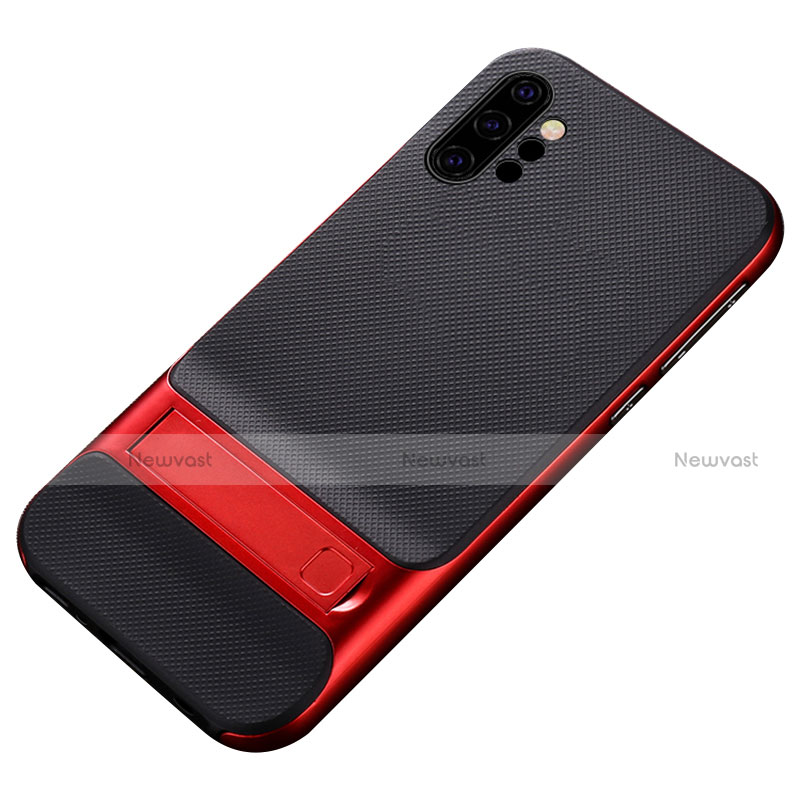 Silicone Matte Finish and Plastic Back Cover Case with Stand for Samsung Galaxy Note 10 Plus 5G Red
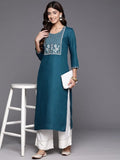 Varanga Women Teal Round Neck Embroidered Yoke Straight Kurta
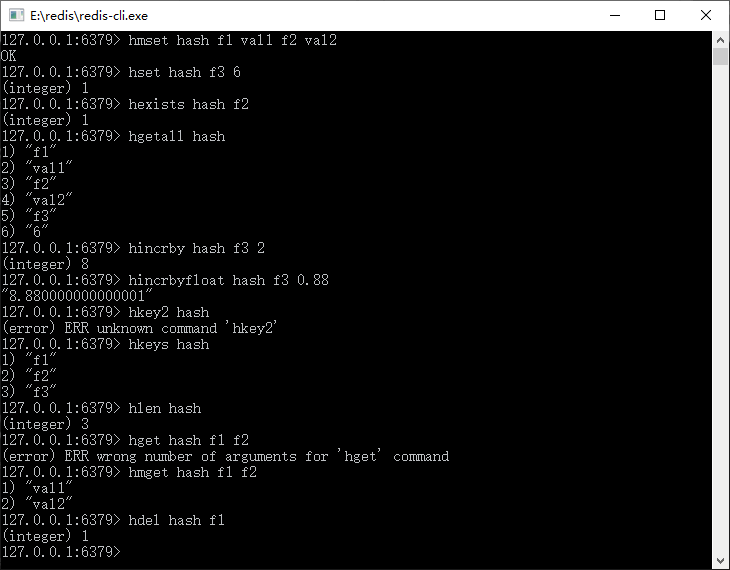 Redis的hash结构命令展示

....

§ EXERCISE AIM: Give back the material word for word, without images.

§ EXERCISE RESPONSE:
 Silicone Matte Finish and Plastic Back Cover Case with Stand for Samsung Galaxy Note 10 Plus 5G Red
 Varanga Women Teal Round Neck Embroidered Yoke Straight Kurta
 Redis的hash结构命令展示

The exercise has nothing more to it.